Так как Салтыков впоследствии никогда не возвращался к этим теоретическим вопросам, то можно предположить, что в этом случае он был лишь рупором своего кружка, в котором несомненно изучалась „Система логики“ Милля. Но во всяком случае это показывает, какими умственными интересами жил кружок, а вместе с ним и Салтыков в середине сороковых годов. Милль был близок целому ряду идей французских социалистов в области социальнополитической, и, быть может, внимание „безвестного кружка“ русских юношей к его книге объясняется отчасти именно этим обстоятельством. Сам Салтыков в этой своей рецензии не удержался от ядовитой выходки против социальных оснований крепостного права, — разумеется, насколько это было возможно при цензурных условиях той эпохи. Издеваясь над своеобразными социальными силлогизмами русского быта, Салтыков иронически заключает: „Нам случилось однажды слышать, как один господин весьма серьезно уверял другого, весьма почтенной наружности, но посмирнее, что тот должен ему повиноваться, делая следующий силлогизм: я человек, ты человек, следовательно, ты раб мой. И смирный господин поверил (такова ошеломляющая сила силлогизма!) и отдал тому господину все, что у него ни было: и жену, и детей, и, вдобавок, остался даже очень доволен собою“… Редакторский или цензорский карандаш вычеркнул в последней фразе салтыковской рукописи слова „и самого себя“ („и жену, и детей…“), как слишком явно метящие в крепостное право.

В заключение можно упомянуть про забавную подробность. Пародируя силлогизмы проф.

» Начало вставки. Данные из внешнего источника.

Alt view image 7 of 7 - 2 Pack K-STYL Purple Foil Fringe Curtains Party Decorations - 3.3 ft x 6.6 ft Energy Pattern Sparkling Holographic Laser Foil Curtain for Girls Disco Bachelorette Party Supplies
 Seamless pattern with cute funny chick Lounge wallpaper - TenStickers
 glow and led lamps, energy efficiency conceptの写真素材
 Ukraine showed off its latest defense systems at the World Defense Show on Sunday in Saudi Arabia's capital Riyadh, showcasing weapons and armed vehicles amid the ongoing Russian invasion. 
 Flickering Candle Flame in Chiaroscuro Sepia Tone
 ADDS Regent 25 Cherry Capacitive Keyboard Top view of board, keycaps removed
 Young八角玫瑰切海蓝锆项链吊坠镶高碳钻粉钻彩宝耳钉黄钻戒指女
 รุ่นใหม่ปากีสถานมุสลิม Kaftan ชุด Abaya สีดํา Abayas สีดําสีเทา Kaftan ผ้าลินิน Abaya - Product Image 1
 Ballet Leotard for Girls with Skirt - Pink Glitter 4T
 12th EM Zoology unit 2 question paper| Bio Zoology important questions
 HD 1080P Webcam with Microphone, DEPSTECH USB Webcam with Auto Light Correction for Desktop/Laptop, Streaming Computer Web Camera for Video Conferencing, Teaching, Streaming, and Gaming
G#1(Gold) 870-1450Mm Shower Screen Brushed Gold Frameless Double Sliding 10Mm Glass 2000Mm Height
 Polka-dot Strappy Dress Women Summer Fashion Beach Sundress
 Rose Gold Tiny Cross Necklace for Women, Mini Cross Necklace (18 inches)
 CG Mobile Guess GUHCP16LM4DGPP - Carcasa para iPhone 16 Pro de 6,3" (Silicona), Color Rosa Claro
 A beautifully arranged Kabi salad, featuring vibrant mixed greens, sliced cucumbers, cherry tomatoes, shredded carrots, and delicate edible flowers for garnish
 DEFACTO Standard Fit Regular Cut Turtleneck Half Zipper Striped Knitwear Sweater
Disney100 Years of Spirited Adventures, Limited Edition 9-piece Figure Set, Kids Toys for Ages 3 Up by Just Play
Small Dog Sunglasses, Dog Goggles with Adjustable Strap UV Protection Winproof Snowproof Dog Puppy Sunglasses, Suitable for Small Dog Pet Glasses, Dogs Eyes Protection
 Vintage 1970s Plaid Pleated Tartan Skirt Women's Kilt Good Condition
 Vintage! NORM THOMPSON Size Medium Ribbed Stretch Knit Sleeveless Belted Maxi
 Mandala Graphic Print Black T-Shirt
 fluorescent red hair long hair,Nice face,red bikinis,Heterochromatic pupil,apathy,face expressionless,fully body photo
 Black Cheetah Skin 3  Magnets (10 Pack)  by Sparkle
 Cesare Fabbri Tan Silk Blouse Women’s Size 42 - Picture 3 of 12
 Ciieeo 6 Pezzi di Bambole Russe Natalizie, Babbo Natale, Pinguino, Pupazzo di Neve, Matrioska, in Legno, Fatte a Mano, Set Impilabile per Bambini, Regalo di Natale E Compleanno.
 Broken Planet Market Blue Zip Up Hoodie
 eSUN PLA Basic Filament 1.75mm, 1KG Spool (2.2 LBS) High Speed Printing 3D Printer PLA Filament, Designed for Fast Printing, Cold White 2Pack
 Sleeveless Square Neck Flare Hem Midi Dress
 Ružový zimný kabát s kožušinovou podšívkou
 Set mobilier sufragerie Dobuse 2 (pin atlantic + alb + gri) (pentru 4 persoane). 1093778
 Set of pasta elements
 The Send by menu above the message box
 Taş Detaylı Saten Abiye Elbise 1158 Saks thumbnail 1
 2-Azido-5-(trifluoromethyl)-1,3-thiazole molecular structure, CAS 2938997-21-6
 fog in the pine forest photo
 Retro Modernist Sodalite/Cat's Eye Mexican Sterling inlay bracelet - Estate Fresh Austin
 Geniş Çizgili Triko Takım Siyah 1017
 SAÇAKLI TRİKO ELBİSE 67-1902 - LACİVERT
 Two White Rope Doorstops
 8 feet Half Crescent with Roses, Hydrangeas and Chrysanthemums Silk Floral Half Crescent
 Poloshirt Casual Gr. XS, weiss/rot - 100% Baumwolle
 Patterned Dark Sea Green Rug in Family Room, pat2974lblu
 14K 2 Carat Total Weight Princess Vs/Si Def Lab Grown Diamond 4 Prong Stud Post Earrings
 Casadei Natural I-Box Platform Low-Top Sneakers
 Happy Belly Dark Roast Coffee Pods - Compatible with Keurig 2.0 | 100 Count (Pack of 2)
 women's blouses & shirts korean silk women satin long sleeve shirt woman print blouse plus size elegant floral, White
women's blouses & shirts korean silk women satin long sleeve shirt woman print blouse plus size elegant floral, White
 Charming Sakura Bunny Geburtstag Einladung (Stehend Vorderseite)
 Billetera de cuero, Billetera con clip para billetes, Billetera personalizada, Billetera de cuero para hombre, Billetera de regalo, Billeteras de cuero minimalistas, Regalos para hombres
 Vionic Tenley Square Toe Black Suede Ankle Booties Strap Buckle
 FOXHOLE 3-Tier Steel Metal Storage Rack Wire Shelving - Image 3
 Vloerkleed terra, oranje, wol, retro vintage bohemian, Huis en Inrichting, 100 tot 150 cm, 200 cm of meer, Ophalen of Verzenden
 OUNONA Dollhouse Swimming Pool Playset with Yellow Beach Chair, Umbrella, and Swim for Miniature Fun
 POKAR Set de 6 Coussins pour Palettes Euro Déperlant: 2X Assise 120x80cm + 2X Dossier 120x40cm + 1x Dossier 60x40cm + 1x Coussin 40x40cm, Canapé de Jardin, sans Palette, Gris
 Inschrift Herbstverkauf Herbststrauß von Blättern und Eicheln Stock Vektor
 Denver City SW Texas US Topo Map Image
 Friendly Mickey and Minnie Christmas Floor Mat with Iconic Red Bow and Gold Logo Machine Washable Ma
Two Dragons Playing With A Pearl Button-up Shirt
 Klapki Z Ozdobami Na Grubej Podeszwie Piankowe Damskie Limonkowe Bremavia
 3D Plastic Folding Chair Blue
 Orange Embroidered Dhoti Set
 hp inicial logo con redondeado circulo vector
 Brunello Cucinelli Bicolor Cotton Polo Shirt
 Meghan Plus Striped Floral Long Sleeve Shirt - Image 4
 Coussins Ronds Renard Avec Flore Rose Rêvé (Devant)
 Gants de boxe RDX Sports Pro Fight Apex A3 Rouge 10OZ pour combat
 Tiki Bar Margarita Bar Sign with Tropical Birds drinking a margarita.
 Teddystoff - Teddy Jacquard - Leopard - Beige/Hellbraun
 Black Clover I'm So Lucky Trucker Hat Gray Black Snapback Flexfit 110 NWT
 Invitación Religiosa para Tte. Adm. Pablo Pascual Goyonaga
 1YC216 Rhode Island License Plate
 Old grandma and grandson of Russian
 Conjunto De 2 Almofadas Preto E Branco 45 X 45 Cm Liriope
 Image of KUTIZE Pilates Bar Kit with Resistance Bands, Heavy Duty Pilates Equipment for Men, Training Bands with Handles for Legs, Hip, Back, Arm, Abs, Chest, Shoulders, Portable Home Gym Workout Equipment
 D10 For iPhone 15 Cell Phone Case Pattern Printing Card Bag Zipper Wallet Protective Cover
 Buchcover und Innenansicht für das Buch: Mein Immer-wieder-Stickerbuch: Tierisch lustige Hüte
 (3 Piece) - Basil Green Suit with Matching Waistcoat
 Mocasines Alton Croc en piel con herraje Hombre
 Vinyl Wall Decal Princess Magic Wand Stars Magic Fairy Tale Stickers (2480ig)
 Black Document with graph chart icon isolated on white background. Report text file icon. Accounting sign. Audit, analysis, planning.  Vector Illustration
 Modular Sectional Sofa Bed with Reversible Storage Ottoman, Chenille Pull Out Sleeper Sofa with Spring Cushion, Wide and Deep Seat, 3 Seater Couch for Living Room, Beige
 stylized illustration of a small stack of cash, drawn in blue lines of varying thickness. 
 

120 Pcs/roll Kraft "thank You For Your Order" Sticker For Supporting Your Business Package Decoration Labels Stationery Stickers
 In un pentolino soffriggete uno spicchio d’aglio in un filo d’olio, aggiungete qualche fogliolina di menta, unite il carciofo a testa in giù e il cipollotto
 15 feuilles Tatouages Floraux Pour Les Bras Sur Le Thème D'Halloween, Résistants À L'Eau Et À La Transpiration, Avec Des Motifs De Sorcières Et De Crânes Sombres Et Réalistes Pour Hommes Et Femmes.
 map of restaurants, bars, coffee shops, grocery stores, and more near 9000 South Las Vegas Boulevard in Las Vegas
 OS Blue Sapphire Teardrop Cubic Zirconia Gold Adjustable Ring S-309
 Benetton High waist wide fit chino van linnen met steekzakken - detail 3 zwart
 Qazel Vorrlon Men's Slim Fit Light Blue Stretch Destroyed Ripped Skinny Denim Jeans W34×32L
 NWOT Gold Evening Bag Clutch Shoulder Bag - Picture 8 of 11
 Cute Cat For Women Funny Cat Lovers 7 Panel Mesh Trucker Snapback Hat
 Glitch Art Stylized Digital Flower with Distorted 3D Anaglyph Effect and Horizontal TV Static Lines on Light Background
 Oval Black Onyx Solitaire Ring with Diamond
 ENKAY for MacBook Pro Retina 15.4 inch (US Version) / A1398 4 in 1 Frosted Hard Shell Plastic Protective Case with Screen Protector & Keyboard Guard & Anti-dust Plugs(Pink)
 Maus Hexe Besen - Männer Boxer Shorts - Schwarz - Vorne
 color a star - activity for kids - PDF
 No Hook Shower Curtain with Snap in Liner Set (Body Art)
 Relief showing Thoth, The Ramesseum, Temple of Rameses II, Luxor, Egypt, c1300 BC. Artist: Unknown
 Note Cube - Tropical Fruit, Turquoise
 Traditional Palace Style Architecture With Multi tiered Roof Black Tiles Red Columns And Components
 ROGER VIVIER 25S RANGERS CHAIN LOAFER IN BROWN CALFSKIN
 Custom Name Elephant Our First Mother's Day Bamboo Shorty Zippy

Зубовского, Салтыков шутки ради заявляет, что, „следуя этой методе, можно с успехом построить даже и такой силлогизм: сапоги смертны, человек не сапог, следовательно, человек бессмертен“. В повести „Противоречия“, напечатанной в том же номере журнала, Салтыков заставляет строить подобные силлогизмы одного из второстепенных действующих лиц повести, Игнатия Кузьмича Крошина, под именем которого он, как уже было указано, отчасти выводит своего отца. Игнатий Кузьмич иногда начинает философствовать: „Он говорит, что читал Эккартсгаузена и уж знает, как создан мир… и начинает выводить силлогизмы не совсем верные. Например, наднях, сидели мы за ужином; Крошин был в апогее скептицизма. «Ох, уж эти мне ученые, — говорил он: — всё они выдумали! а что и наукито, и человекто что? — тлен, былие, животное, червь, а не человек — и в писании сказано! Да ведь и собака тоже животное! Ну, человек — животное, собака — животное, вот и выходит — что человек, что собака — все одно, все тлен, все земля и в землю обратится!» («Отечественные Записки» 1847 г., № 11, стр. 9). Этот курьезный пример показывает, что тесную связь между рецензиями Салтыкова и его повестями можно проследить и в серьезных основных темах, и в забавных мелочах.

Наше краткое знакомство с рецензиями Салтыкова заставляет пожалеть, что до нас дошло так мало достоверно принадлежащих ему рецензий. Это тем обиднее, что их напечатано в «Отечественных Записках» и «Современнике» 1847 г. вероятно много десятков. Но и по разобранным примерам достаточно ясно, что рецензии были действительно серьезным трудом юноши Салтыкова, который отражал в них и свои собственные взгляды, и взгляды кружка своих друзей. Тесная связь этих рецензий с первыми повестями Салтыкова позволяет нам перейти к рассмотрению последних; они тоже являются еще очень «юношескими» произведениями будущего великого писателя, но весьма характерны в целом ряде отношений. В них еще ярче, чем в рецензиях, отразились взгляды на окружающую жизнь и на общество — и самого Салтыкова, и его друзей; главное же — они послужили внешней причиной того перелома в жизни Салтыкова, который забросил его на долгие годы в далекую глухую губернию, но в то же время дал возможность автору безвестных рецензий и повестей стать через восемь лет автором знаменитых «Губернских очерков».